This silent film is a pot-boiler of suspense, maudlin sentiment and comedy – and of lessons painfully learned. Haines reworked this winning buddy-film formula in several subsequent films: “Tell it to the Marines” with Lon Chaney and “West Point” with Joan Crawford, who became Haines’s best friend in Hollywood. In each he plays a brash smart aleck who takes nothing seriously until he is rejected, then wises up and becomes a man/hero and wins the girl.

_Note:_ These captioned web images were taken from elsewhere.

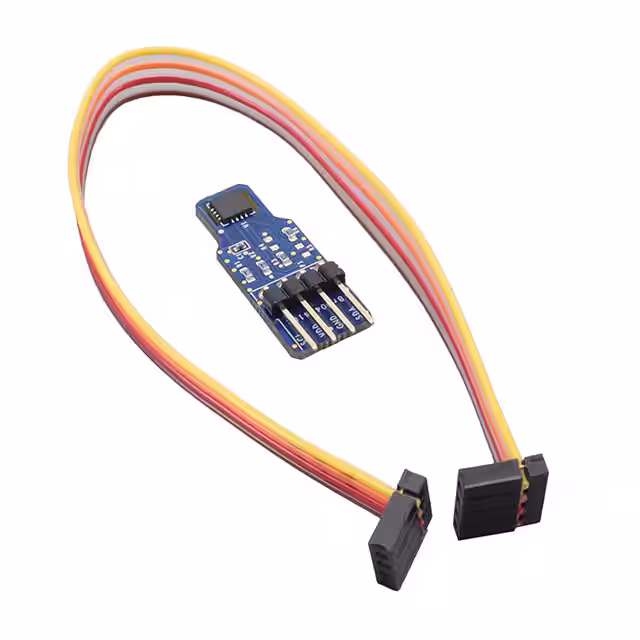 EVAL-ADT7420MBZ Analog Devices Inc.  Cartes d'évaluation - Capteurs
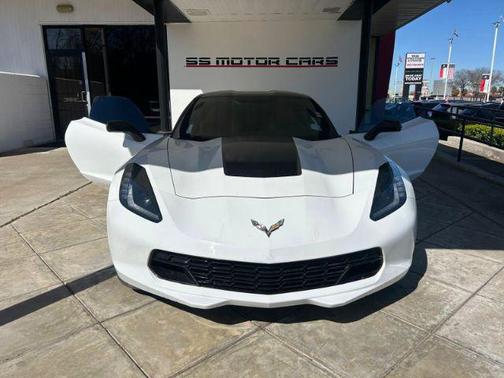 2017 Chevrolet Corvette Stingray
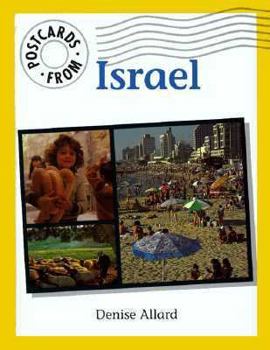 Hardcover Israel Book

Trivia: The football scenes and those of the boat race are real. The football game includes actual footage from a Harvard football match. In addition, we are treated to an uncredited cameo by John Wayne, which is widely regarded as Wayne's first-ever appearance on film, playing the part of a Yale football player (Wayne was a player for USC in real life).
Jack Pickford (half-pint Doolittle) was the established star of the cast (Haines had heretofore played only secondary roles). At only 29 years old when the film was made, Pickford's star was already in decline due to acute alcoholism; he was dead by the age of 37. Haines stole the movie from Pickford.
 

Some of the witty silent film titles (by famed humorist Donald Ogden Stewart) were inspired by Haines' own ad-libbing on the set, and the entire film was shot in just three weeks.

At the conclusion of his film career, Haines became a wildly successful interior decorator whose clients were mostly Hollywood stars and film industry professionals. At the time of his death in 1973, Haines was a multi-millionaire.